WASHINGTON — President Donald Trump's fights with the intelligence community were a running theme of his first term as he raged against an investigation into his campaign's alleged links to Russia. Now, a sequel is playing out as Trump battles to shape the public's understanding of his foreign policy gamble in Iran.
An early U.S. intelligence assessment said Iran's nuclear program has been set back only a few months after American strikes on three sites last weekend. The Republican president has rejected the report and pronounced the program ''completely and fully obliterated.''
The dispute is unlikely to fade anytime soon. Top administration officials are pressing Trump's case, with Defense Secretary Pete Hegseth scolding the media at a Pentagon briefing Thursday for ''breathlessly'' focusing on an intelligence report he downplayed as preliminary.
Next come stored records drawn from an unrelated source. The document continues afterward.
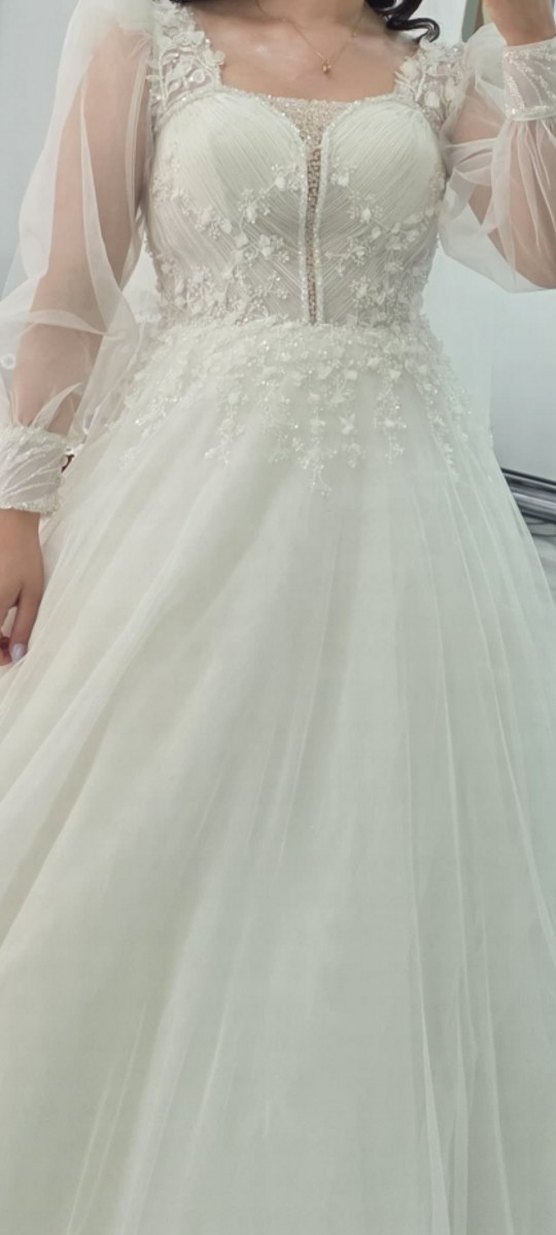 Uzun Kollu V Yaka Beyaz A Kesim Gelinlik - Görsel 3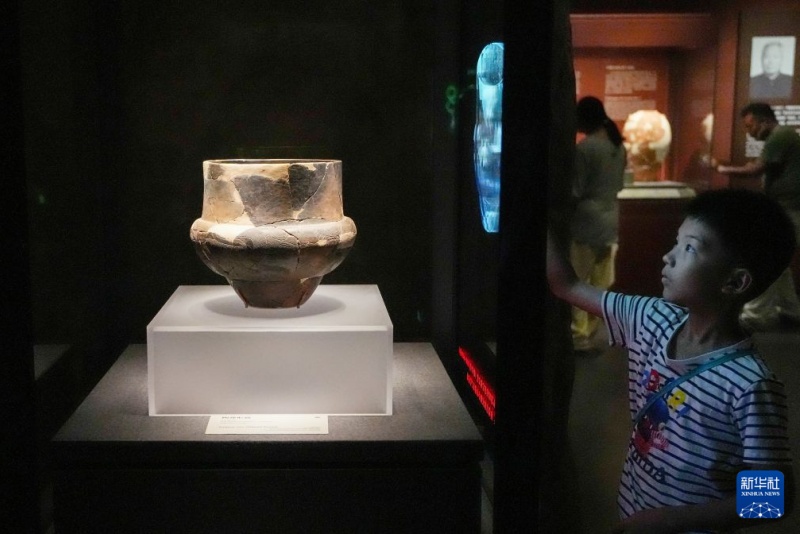 Alunos chineses visitam museus durante férias de verão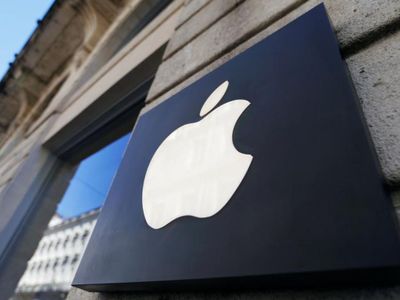 Saingi Samsung, Apple Dikabarkan akan Rilis HP Lipat Pertama di 2026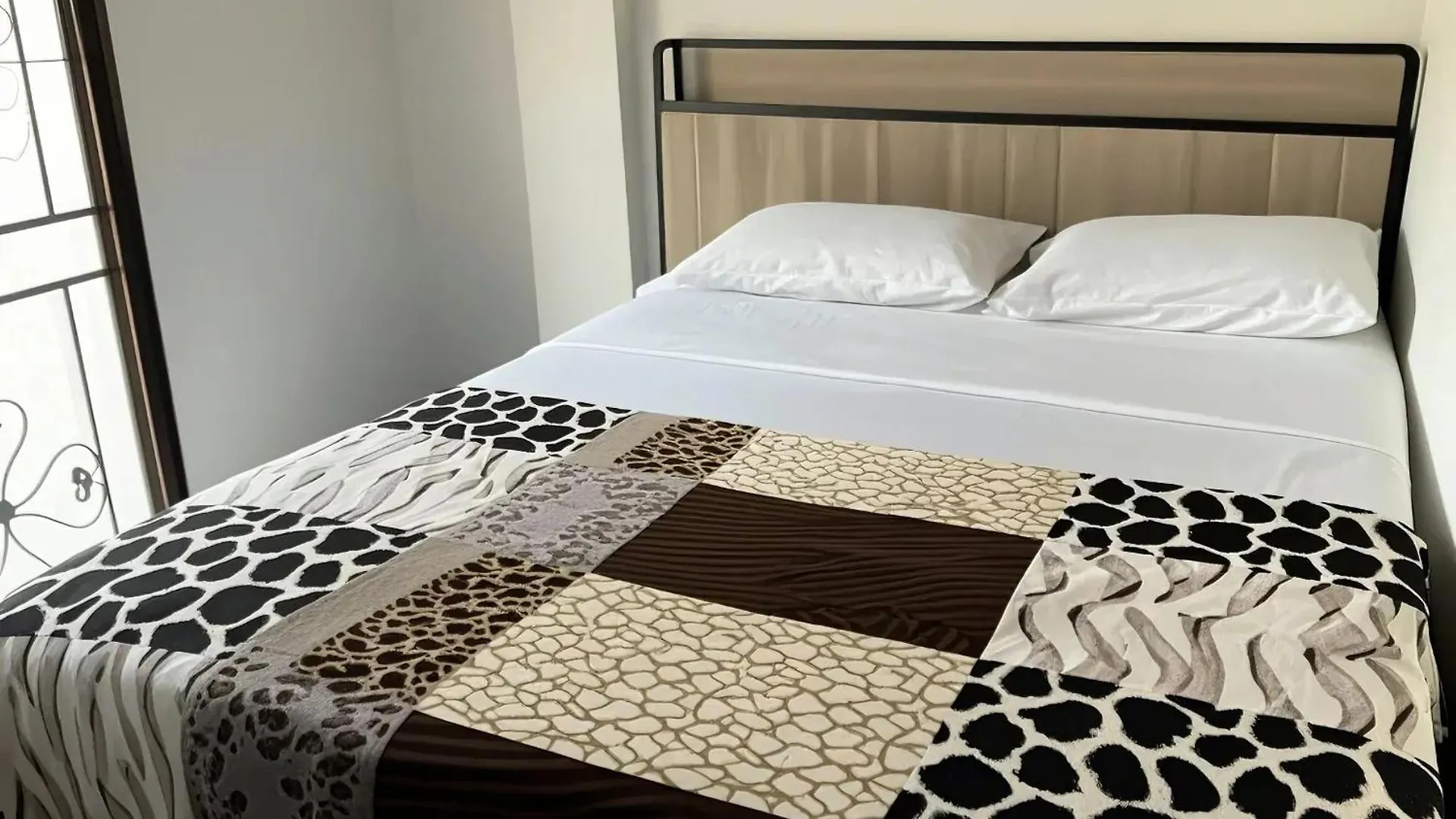 Aparta Suites Torre De Prado 504 Medellín Colombia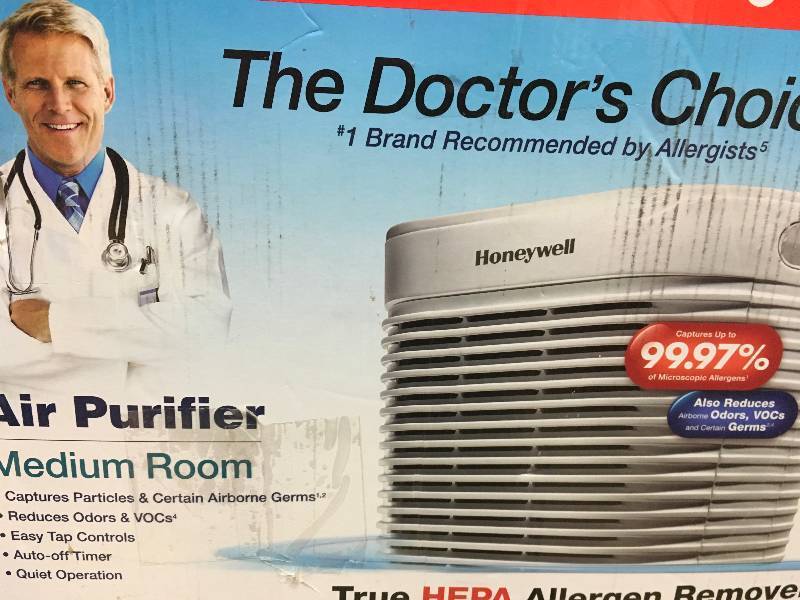 lot 63 image: HONEYWELL True HEPA 155 sq. ft. Allergen Remover Air Purifier in good conditions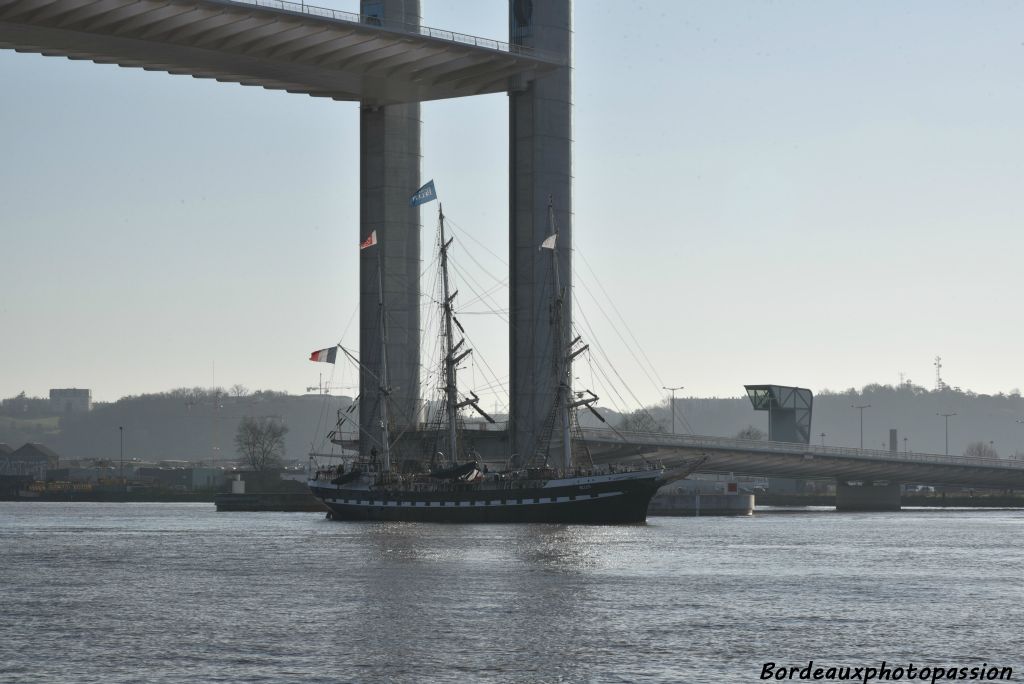 Le navire nantais arrive du port de La Pallice à La Rochelle où un passage en cale sèche a permis d'entretenir la coque et les hélices.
Briefings also are scheduled for lawmakers, though the White House plans to limit the sharing of classified information after the initial assessment leaked this week.
''Intelligence people strive to live in a world as it is, describe the world as it is, where politicians are all about describing the world as they want it to be,'' said Larry Pfeiffer, a 32-year intelligence veteran who held positions including CIA chief of staff and senior director of the White House Situation Room.
Though it's hardly unheard of for presidents to bristle at what they perceive as bad news from the intelligence community, it's rare for the conflict to spill into public view as it did this week.
''I don't think we've seen another president push back as strong as this guy has,'' Pfeiffer said.
Trump has a history of distrusting spy services
Trump's suspicion of the intelligence community, particularly when its assessments do not align with his worldview, dates back to even before his first term.